ENTRIES SUPPLIED: Begin
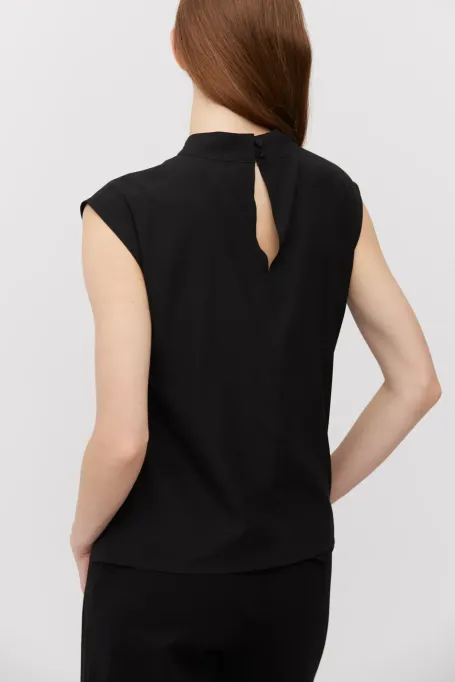 Schwarze Seidenbluse mit kurzen Ärmeln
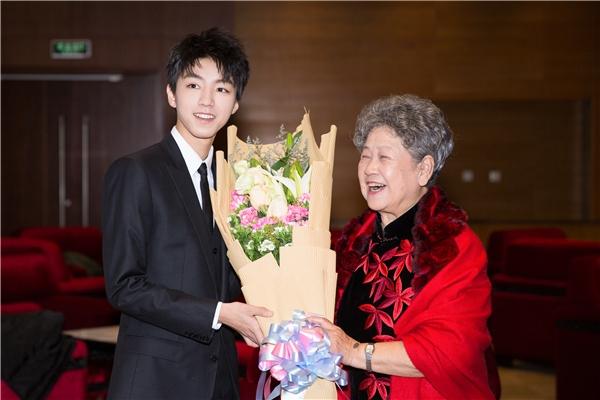 王俊凯为老艺术家鲜花，成唯一坐主桌青年演员，爷爷奶奶都喜欢他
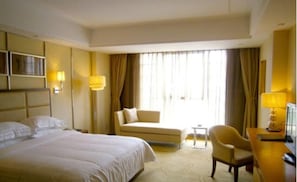 Escritorio, cortinas blackout y tabla de planchar con plancha 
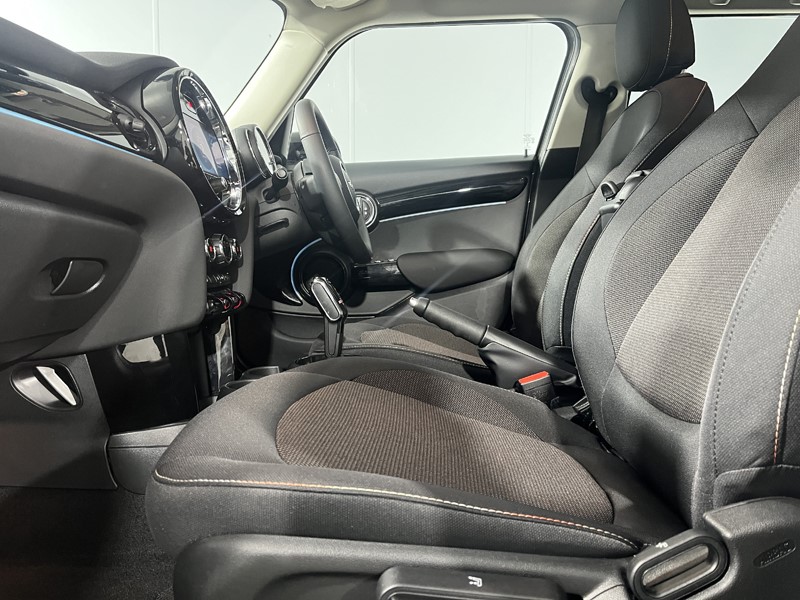 2022 (72) MINI HATCHBACK 1.5 Cooper Classic 5dr Auto 4915053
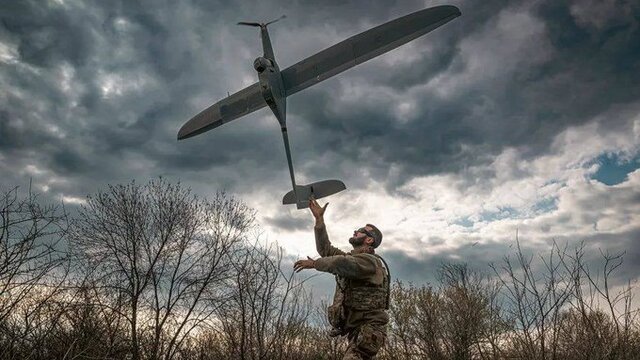 dron Ukrajina vojak ukrajinský vojak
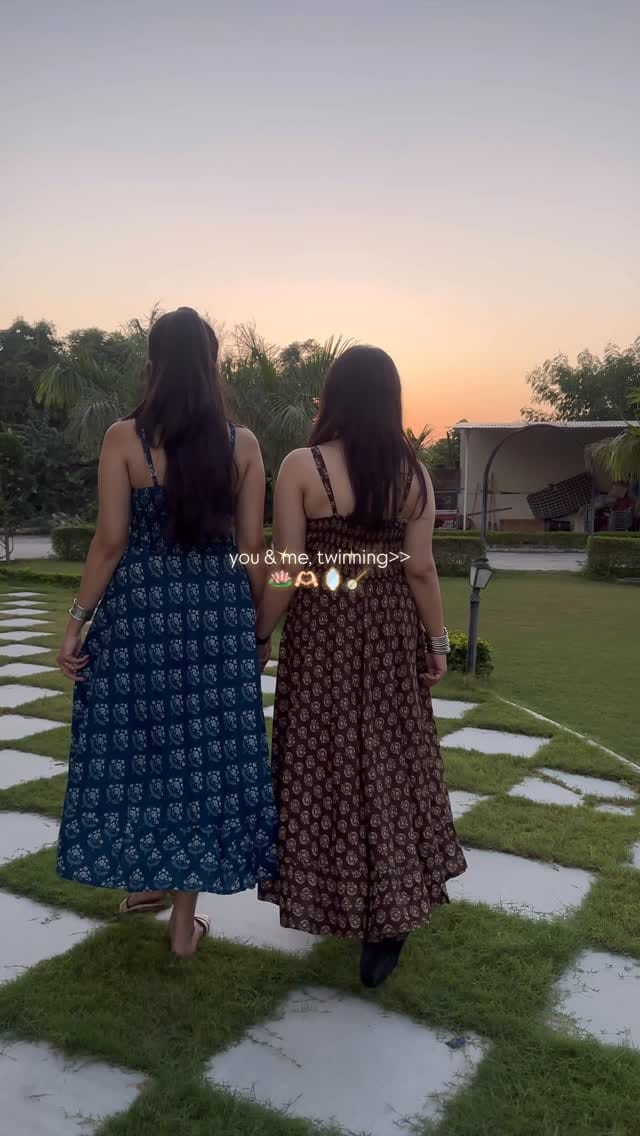 Your reminder to match outfits with your girlie🩷
#thechicneighbor #vacation #twinnin #matchingoutfits #girlstrip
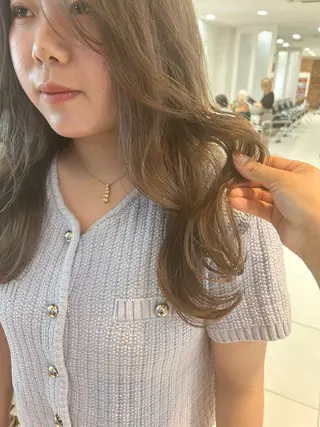 ロング 🍂透明感ベージュ カラー🍂森部杏菜のヘアスタイル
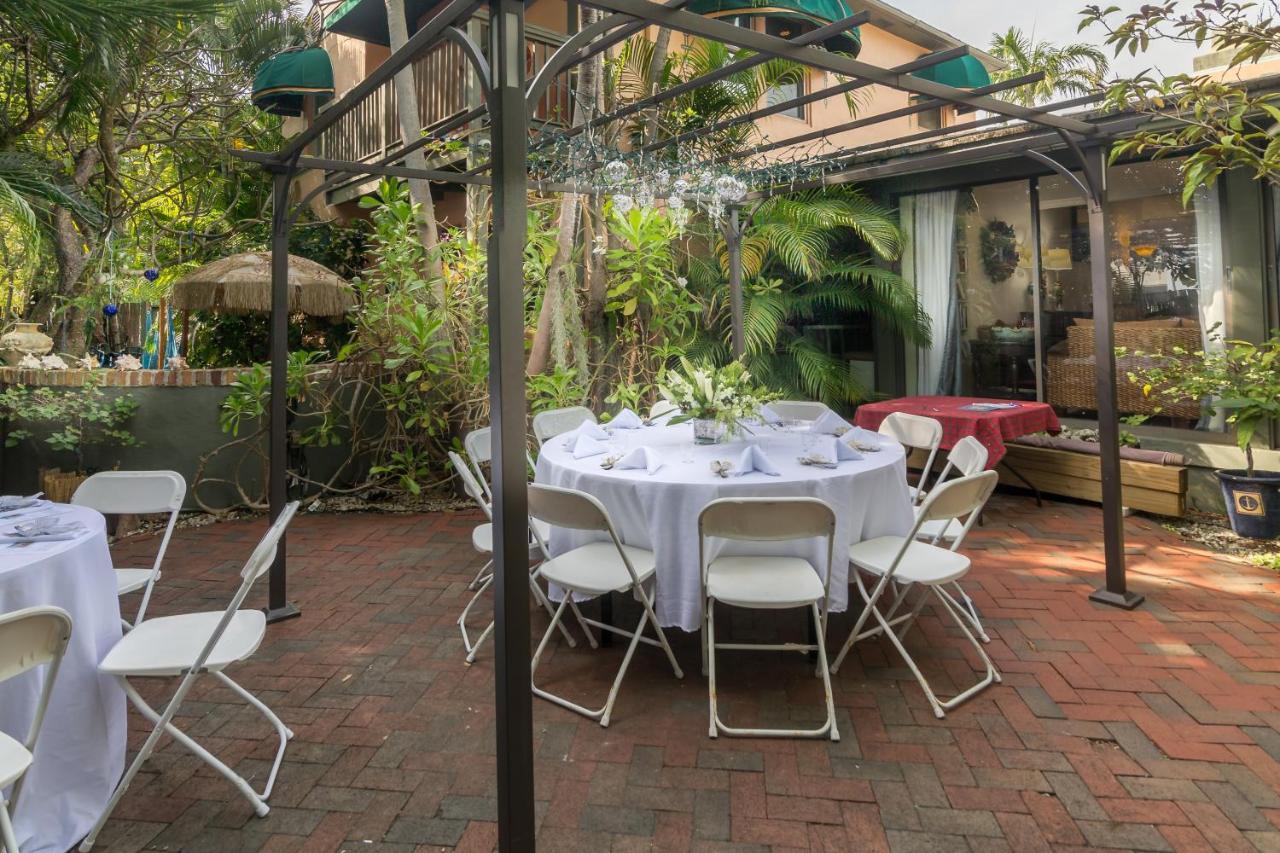 Suite Dreams Inn By The Beach Key West Exteriör bild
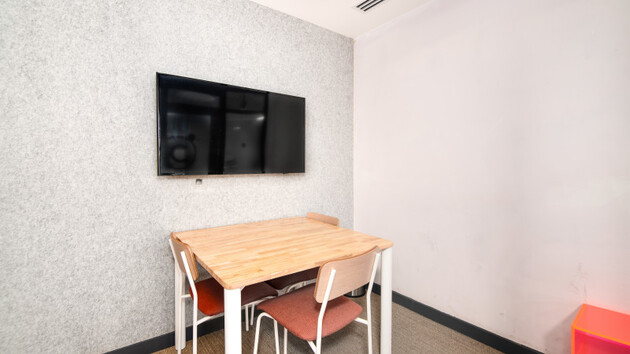 3 Seater Meeting Room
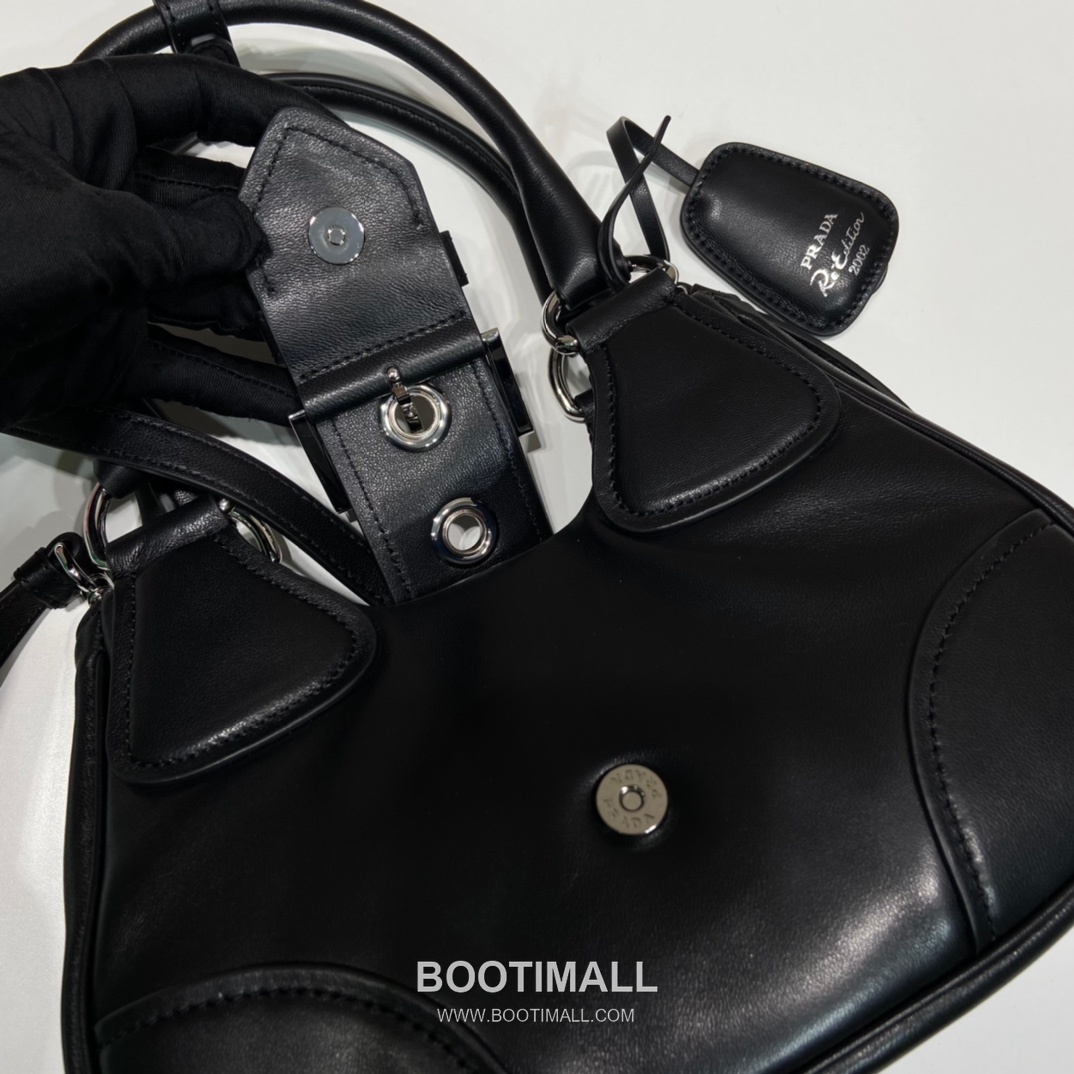 Prada Moon Leather Shoulder Bag 1BA381 프라다 문 램스킨 숄더백 22.5cm 12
ENTRIES SUPPLIED: End
- [PROBLEM DESCRIPTION]: Please set the records down again exactly as written. The pictures should not be included.

- [ANSWER TO THE EXERCISE]:
 Schwarze Seidenbluse mit kurzen Ärmeln
 王俊凯为老艺术家鲜花，成唯一坐主桌青年演员，爷爷奶奶都喜欢他
 Escritorio, cortinas blackout y tabla de planchar con plancha 
 2022 (72) MINI HATCHBACK 1.5 Cooper Classic 5dr Auto 4915053
 dron Ukrajina vojak ukrajinský vojak
 Your reminder to match outfits with your girlie🩷
#thechicneighbor #vacation #twinnin #matchingoutfits #girlstrip
 ロング 🍂透明感ベージュ カラー🍂森部杏菜のヘアスタイル
 Suite Dreams Inn By The Beach Key West Exteriör bild
 3 Seater Meeting Room
 Prada Moon Leather Shoulder Bag 1BA381 프라다 문 램스킨 숄더백 22.5cm 12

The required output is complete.